Luxury

Frankreichs Luxusindustrie hat einen Vertrag mit Indien unterzeichnet. Der Markt kommt später.

Frankreichs Luxusgilde unterzeichnete in der Saison, in der Chinas Nachfrage nachließ und LVMH sein Greater-China-Duty-Free-Geschäft weit unter dem Kaufpreis von 1997 verkaufte, ein Memorandum zur Erschließung Indiens. Der Vertrag ist eine Absicherung — und er wurde unterzeichnet, bevor Indien bereit ist, ihn einzulösen.

Sir John Crabstone

Der Comité Colbert unterzeichnet grundsätzlich keine Verträge. Am 1. Juli in Paris tat die Gilde der französischen Luxushäuser genau das — mit der Indo-French Chamber, mit dem Versprechen, „die wesentlichen Hürden” für die Etablierung ihrer Maisons in Indien zu beseitigen. Die Luxusindustrie hat sich Indien zugewandt, weil China verstummt ist — und sie hat sich zugewandt, bevor Indien bereit ist, sie zu empfangen.

Die Berichterstattung sprach von einem Meilenstein. Der Kalender sagt: Absicherung. Bains und Altagammas jüngste Studie beziffert die Luxusausgaben auf dem chinesischen Festland auf minus drei bis fünf Prozent, während der globale Markt bei 358 Milliarden Euro kaum stagniert. Der Bericht spricht von Reife, nicht von einer Erholung; der postpandemische Nachfrageschub kehrt nicht zurück. Chinesische Käufer weichen auf einheimische Marken und Erlebnisse aus. In der Summe kommen Naher Osten, Lateinamerika, Südostasien, Afrika und Indien nun auf ein vergleichbares Volumen wie das chinesische Festland. Das Wachstum ist nicht verschwunden — es hat den Ort gewechselt.

Der Rückzug ist bereits eingepreist. Im Januar verkaufte LVMH die Hongkonger und Macauer Filialen von DFS — samt der Greater-China-Markenrechte und des geistigen Eigentums — weit unter dem Kaufpreis von 1997 an ein teilstaatliches chinesisches Unternehmen. Zugleich wurde das geplante Flagship-Einkaufs- und Entertainmentprojekt auf Hainan aufgegeben. Unternehmen verlassen keine Märkte, von denen sie eine Erholung erwarten.

Die Anziehungskraft Indiens ist real. Das Land beheimatet die drittgrößte Milliardärsbevölkerung der Welt und feiert jährlich rund zehn Millionen Hochzeiten. Was fehlt, ist eine Verkaufsfläche, auf der man auftreten kann. Die Aufstellung der Hürden durch die Gilde reicht von Zöllen bis zu einem tiefgreifenderen Hindernis: Indiens nichttarifärem Zertifizierungsregime, das die Gilde zur ersten Lobbying-Priorität erklärt hat.

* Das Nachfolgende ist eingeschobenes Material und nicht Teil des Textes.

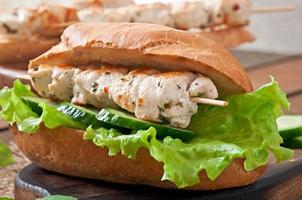 Big sandwich with chicken kebab and lettuce photo
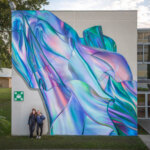 Stunning large-scale 3D murals of iridescent fabrics in movement by Rosie Woods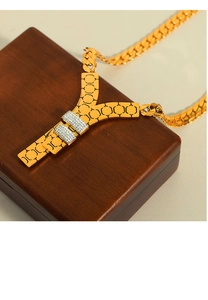 Close-up of a 18k gold-plated Y-shaped pendant necklace with cubic zirconia on a wooden box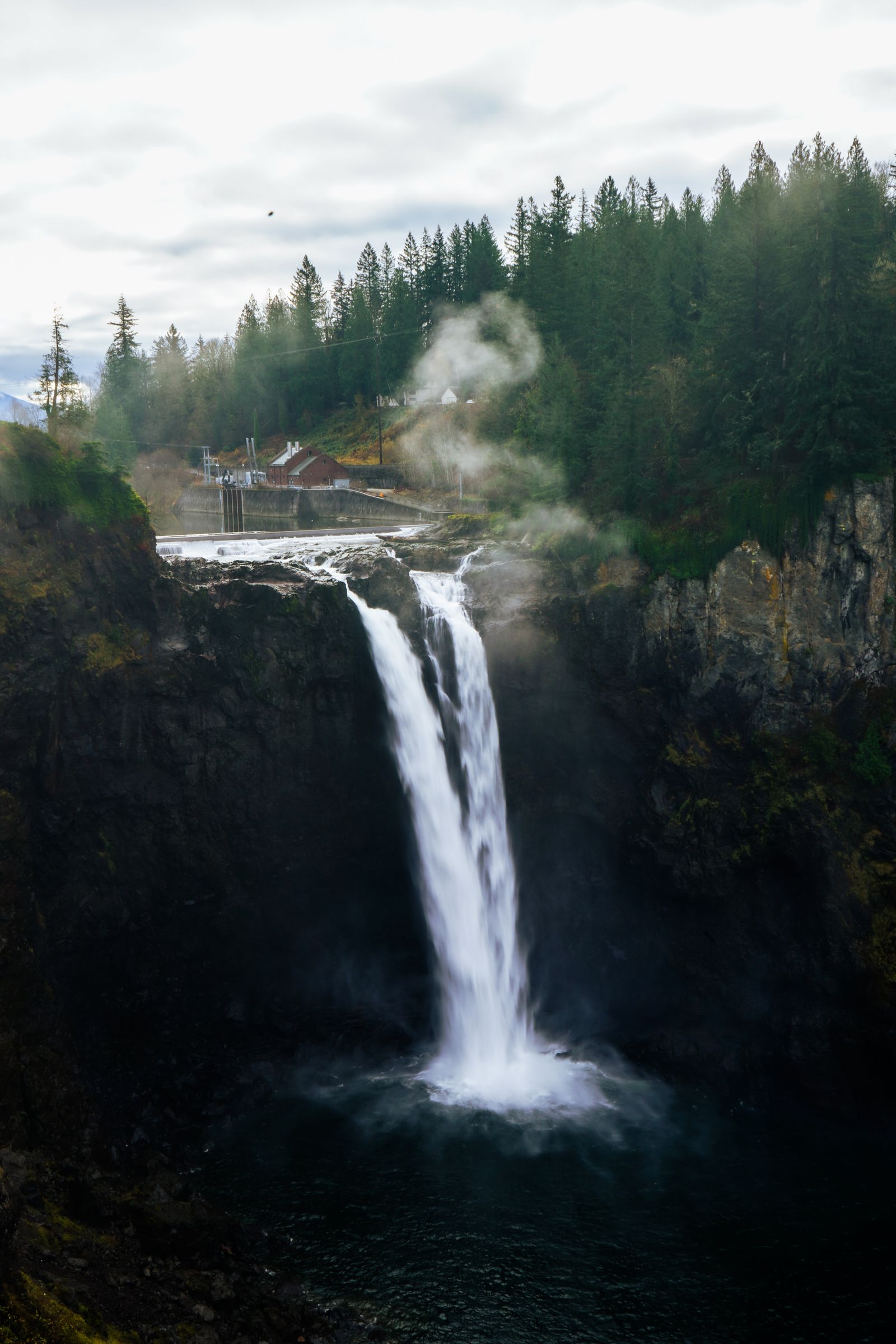 Photo of a Chain Link Fence Near a Waterfall · Free Stock Photo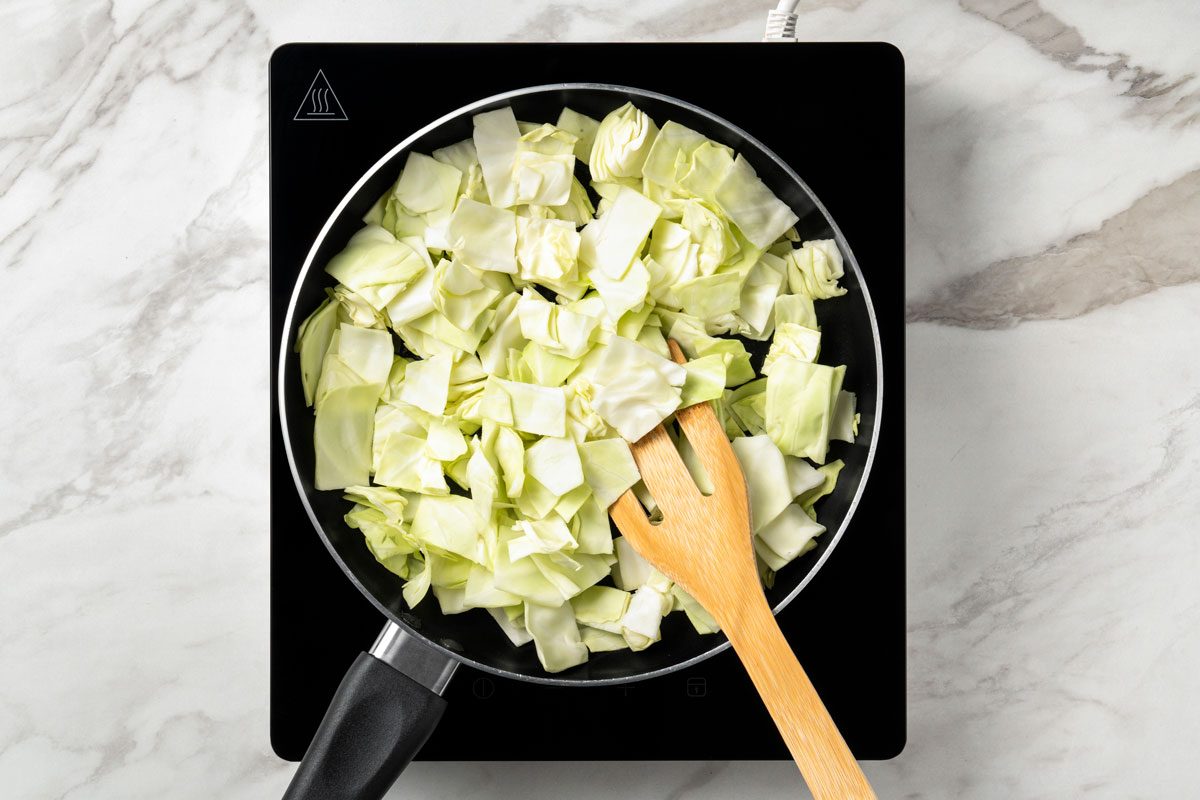 In a large nonstick skillet or wok, stir-fry cabbage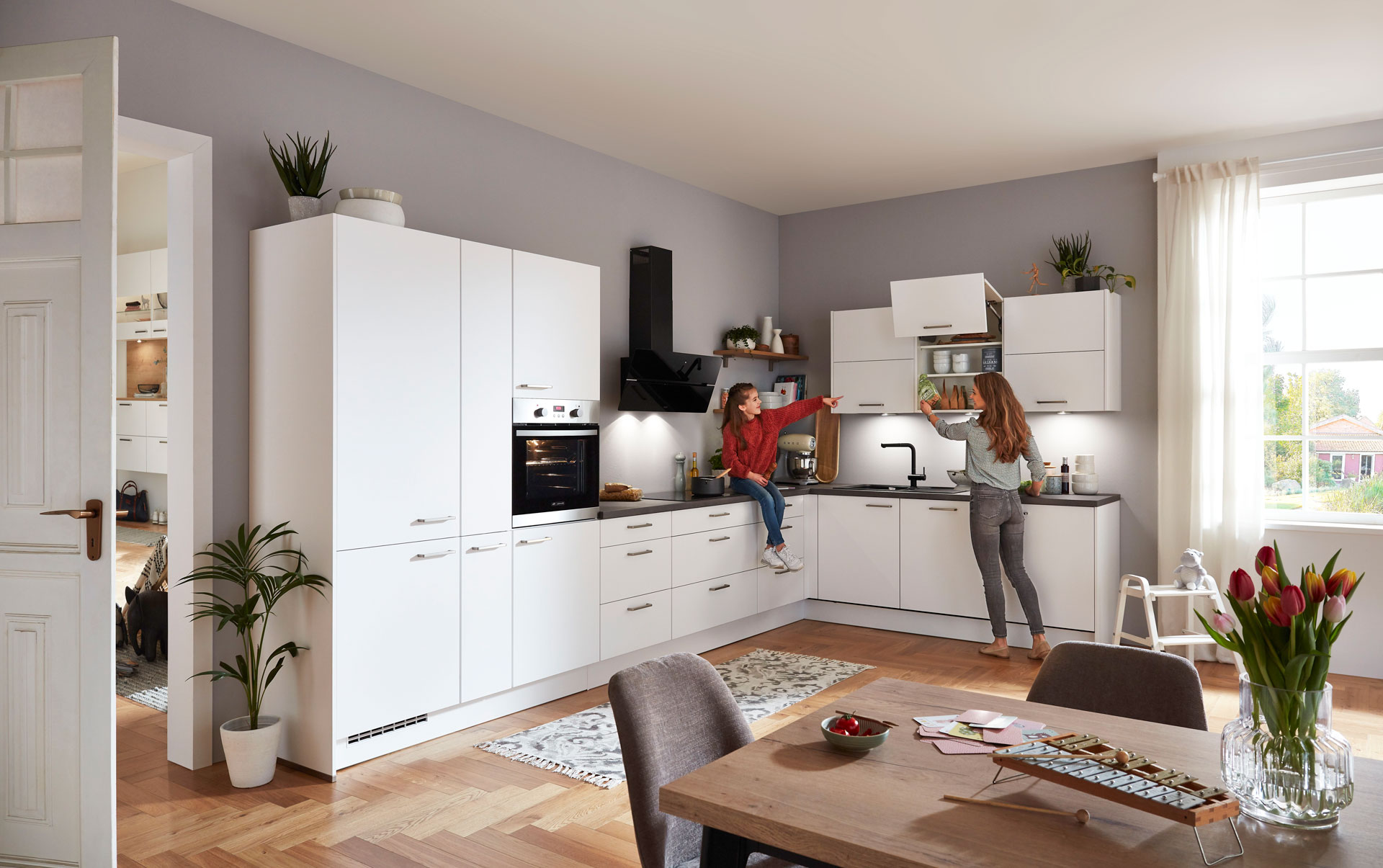 Moderne Eckküche in Weiß mit dunkler Arbeitsplatte und Hängeschrank mit Falt-Lifttüren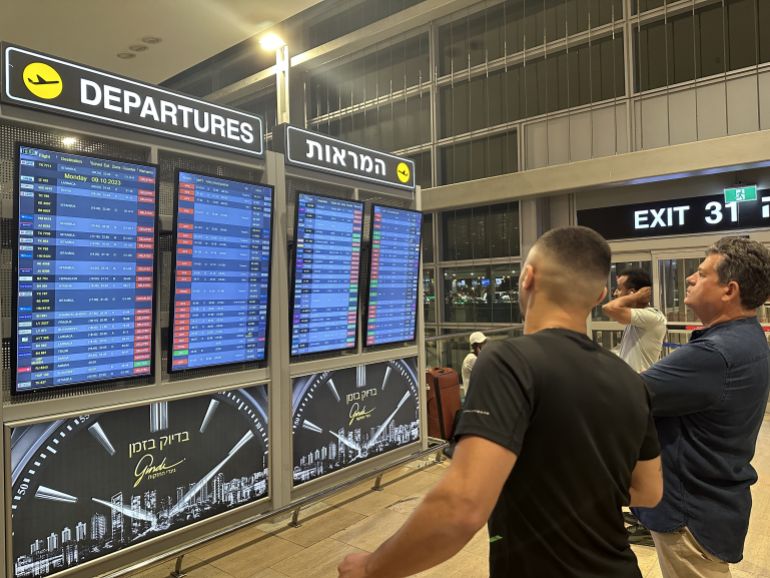 TEL AVIV, ISRAEL - OCTOBER 8: People look at the board showing departure schedules at Ben Gurion Airport, Israel's only international airport, after many flights from abroad are cancelled due to the attacks launched by Palestinian factions in Tel Aviv, Israel on October 8, 2023. ( Turgut Alp Boyraz - Anadolu Agency )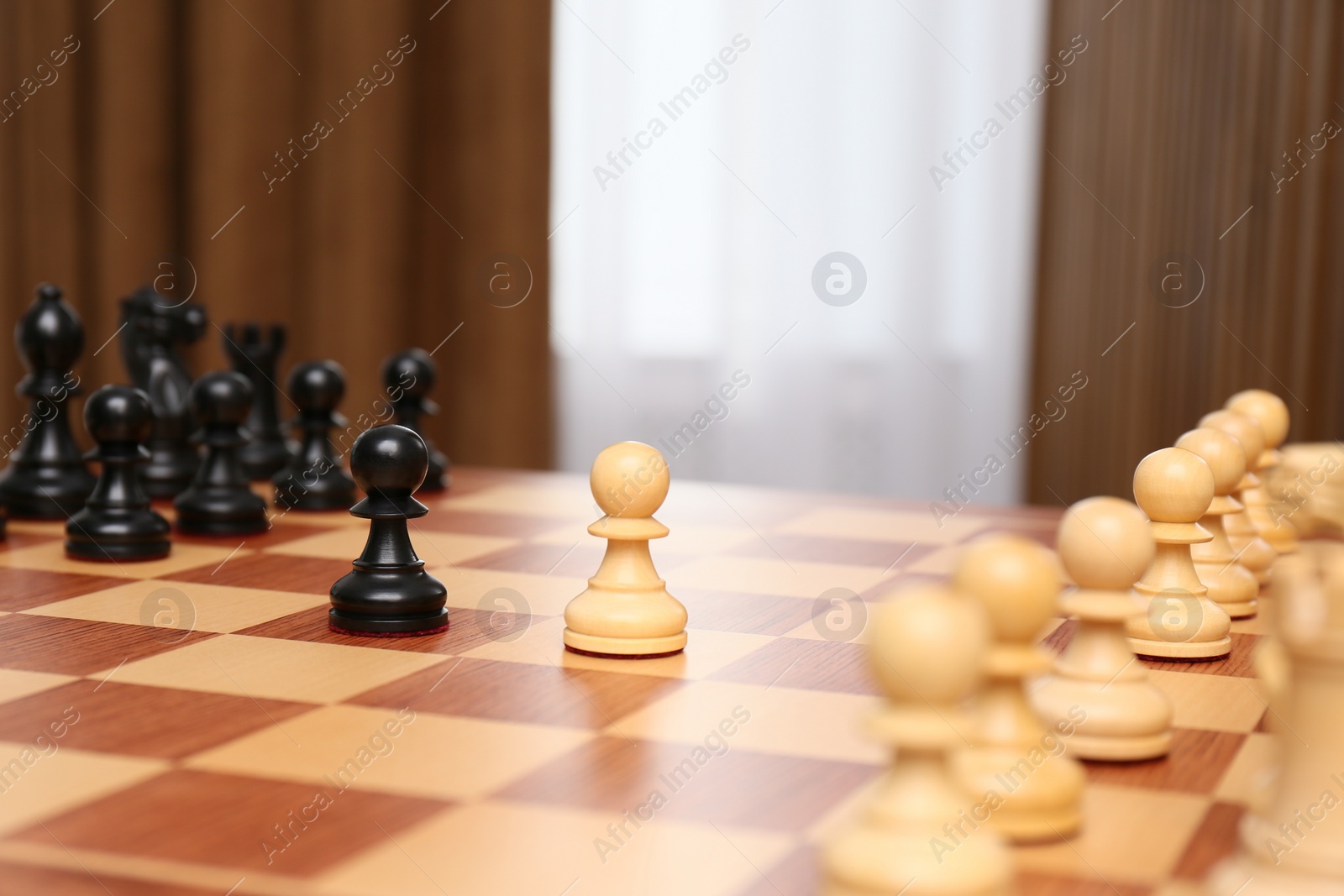 Photo of Black and white pieces among others on chessboard indoors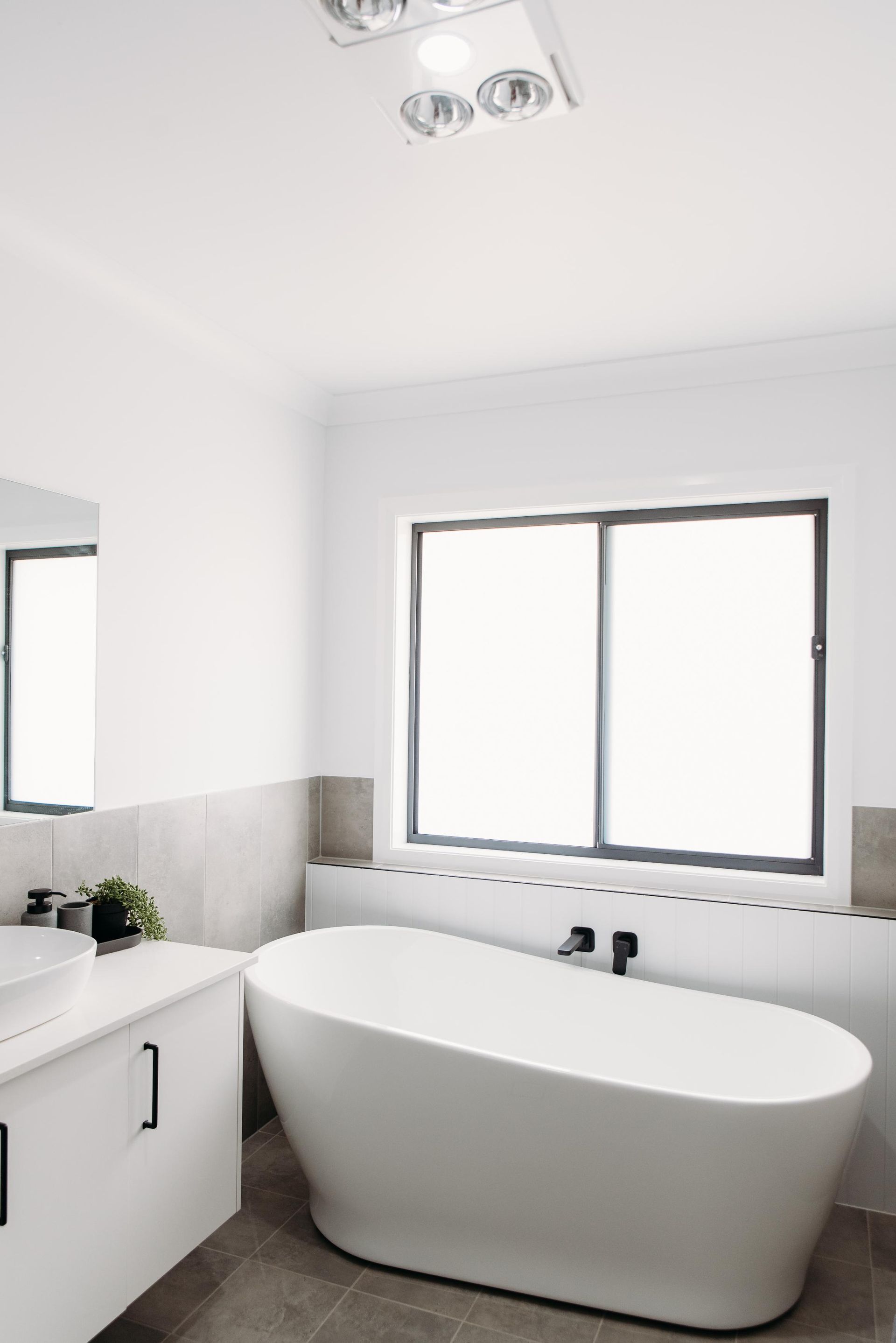 A bathroom with a bathtub , sink , mirror and window.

Nach den Regeln des Bureau of Indian Standards müssen importierte Luxusgüter ungeachtet ihrer Herkunft länderspezifische Konformitätsprüfungen bestehen; für manche Häuser übersteigen die Kosten dieses Verfahrens inzwischen die in Indien erzielten Einnahmen oder kommen ihnen zumindest gleich. Der Premium-Einzelhandel dort ist kaum ein Jahrzehnt alt; die leistungsstärksten Einkaufszentren des Landes bestehen seit weniger als zehn Jahren, und das neueste Wahrzeichen eröffnete 2023 in Mumbai. LVMH beschäftigt in Indien dreihundert Mitarbeiter — und in China zwanzigtausend.

Der Schwenk hat staatliche Rückendeckung. Anfang des Jahres schlossen die Europäische Union und Indien ihr Handelsabkommen ab, das größte, das die EU je mit einem einzelnen Land unterzeichnet hat — mit Zollsenkungen in Etappen statt auf einen Schlag. Das Memorandum der Gilde, fünf Monate später, folgt derselben Logik: Zugang versprochen, Details vertagt. Die Entlastung, die beide Instrumente bieten, kommt später. Nach heutigem Stand: der Markt auch.

Das macht die Nachfrage nicht eingebildet. Es macht die Wette früh — gesetzt auf einen Markt, der schnell genug wächst, dass die Luxusindustrie nicht warten kann, der aber noch nicht bereit ist, sie zu empfangen.

Eine Gilde, die erst die Marktzugangshürden einreißen muss, bevor sie verkaufen kann, hat keinen Markt gefunden — sie hat einen in Auftrag gegeben.

Es könnte sich trotzdem auszahlen. Die Luxusindustrie hat entschieden, dass sie sich das Warten auf das Urteil nicht leisten kann. Indien hat noch nicht entschieden, was es sein will.